Here’s how to use timeline views wisely: - Look for patterns: Is engagement accelerating, or did it spike once and vanish? - Check the mix: Are new stakeholders joining in, or is it the same person every time? - Map activities to your sales process: Did a surge happen after an outbound campaign, or did it come out of nowhere?

What works: - Identifying “bursts” of activity tied to campaigns, product launches, or events. - Spotting when a new decision-maker joins the conversation (that’s your cue).

What doesn’t: - Chasing every blip. Some activity—especially anonymous website hits or random downloads—means nothing.


Step 5: Set Up Alerts and Reports (But Don’t Go Overboard)

Automation should help, not drown you in notifications.

In CompanyEnrich: - Set up alerts for: - Accounts crossing a certain engagement threshold. - New roles engaging at target accounts. - Accounts going cold (no activity for X days).

  • Build a weekly report for yourself and your team. Don’t try to automate every possible scenario; focus on the 2-3 signals that actually drive action.

Pro tip: Most email alerts are ignored after a week. Pick one or two that you actually care about, and make them count.


Step 6: Use Engagement Data to Prioritize Outreach

Now that you’ve got real account-level data, use it. Here’s where most teams mess up: they either ignore the data, or chase every “engaged” account without context.

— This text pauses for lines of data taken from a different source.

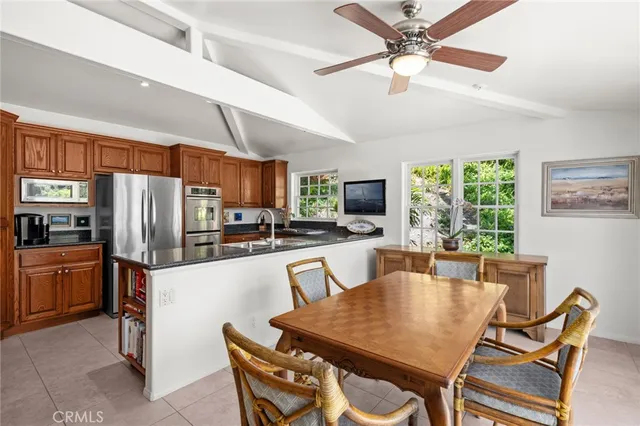 a kitchen with stainless steel appliances granite countertop a stove a refrigerator a kitchen island a table and chairs with a large window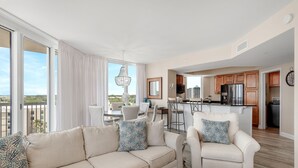 Ein modernes Wohnzimmer mit einer Couch und Sesseln, einem Essbereich und einer Küche mit Holzausstattung und Edelstahlgeräten.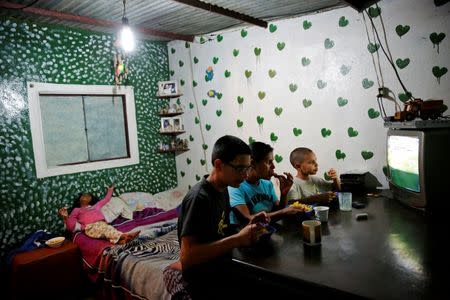 Doris Arocha (C), 30, who was sterilized two months ago, watches television with her children while they eat dinner at their home in San Diego, Venezuela July 19, 2016. REUTERS/Carlos Garcia Rawlins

How to prioritize: - Focus on accounts with multiple engaged contacts, especially if they match your ICP. - Reach out when there’s a burst of activity—not just a random click. - For quiet target accounts, use the lack of engagement as a reason to try a new approach. Sometimes silence is the most useful data point you get.

What not to do: - Don’t chase every high score. Look for meaningful engagement, not just quantity. - Avoid “zombie” accounts—ones that were hot a month ago, but are now dead quiet.


Step 7: Review and Refine Regularly

Don’t treat this as a set-it-and-forget-it system. What works one quarter might be noise the next.

Monthly checklist: - Review which engagement signals actually led to meetings or deals. - Adjust your weights and filters accordingly. - Trim out any sources or activities that aren’t predictive.

Pro tip: Ask your reps what actually helped. Sometimes the most valuable signals are the ones you didn’t expect.


What to Skip (and What to Watch Out For)

A few honest warnings:

  • Don’t obsess over every metric. Vanity numbers look good, but won’t get you meetings.
  • Be skeptical of “AI” insights. If CompanyEnrich spits out something you can’t explain, dig in before you trust it.
  • Focus on your real pipeline. Engagement is a means to an end—revenue. Don’t lose sight of that.

Keep It Simple, Iterate, and Move On

Account-level engagement isn’t magic, but it’s a lot more useful than just tracking clicks. Stick to what matters: real activity from real people at your target companies. Start with the basics, get your team on board, and improve your process a bit at a time.

You’ll save yourself from chasing ghosts—and actually know which companies want to talk.